About this Embedded Cyber Detection and Response Analyst role at Control Risks
The Cyber Detection and Response Analyst supports day-to-day detection, investigation, and response activities as part of a Cyber Detection and Response Team (DART). This is a hands-on technical role focused on identifying, analysing, and responding to cyber threats across the client’s environment, working closely with Security Engineering and broader security stakeholders.
This role will be a part of a 24/7 team and cover one of two shifts: Sunday-Thursday 9:00 am-5:00 pm GMT or Tuesday-Saturday 9:00 am-5:00 pm GMT
Requirements
Responsibilities
- Monitor, triage, and investigate security alerts and events across endpoint, network, cloud, and identity systems.
- Support incident response activities including analysis, containment, remediation, and documentation.
- Execute established incident response playbooks and contribute to their continuous improvement.

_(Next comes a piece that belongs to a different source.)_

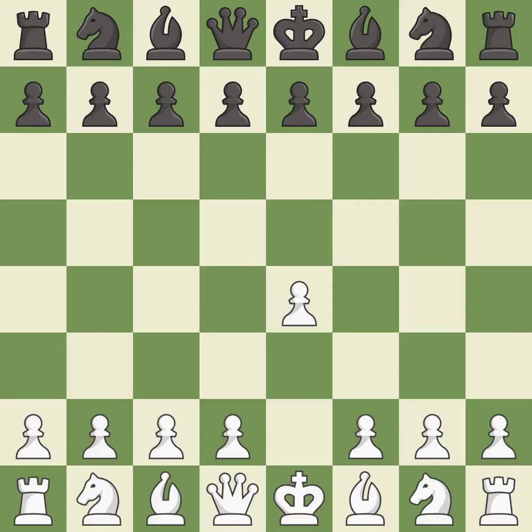Opening with the king's pawn controls the center and opens up the light-squared bishop and queen, often leading to sharp games. The Sicilian defense controls the d4 square with the c-pawn. Nf3 develops the knight toward the center to prepare for a d4-pawn push, where the knight will recapture if black captures on d4.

- Perform threat hunting activities to identify potential compromises and gaps in detection coverage.
- Leverage threat intelligence to inform investigations and detection tuning.
- Collaborate with Security Engineering to tune detection logic and improve security controls.
- Produce clear, concise incident reports and support root cause analysis and remediation efforts.
- Support on-call rotations and escalation processes as part of a 24/7 detection and response capability.
Qualifications
- 3–5 years of experience in cybersecurity, with a focus on incident response, SOC operations, or cyber defense.
- Hands-on experience with SIEM, EDR/XDR, and log analysis tools (e.g., Splunk, Sentinel, CrowdStrike).
- Practical understanding of incident response methodologies and frameworks such as MITRE ATT&CK and NIST.
- Familiarity with threat hunting, malware analysis, or forensic investigation techniques.
- Exposure to cloud environments (AWS, Azure, or GCP) and modern enterprise architectures is preferred.
- Strong analytical and problem-solving skills, with the ability to communicate technical findings clearly.
- Relevant certifications (e.g., Security+, GCIH, GCIA, or equivalent) are a plus.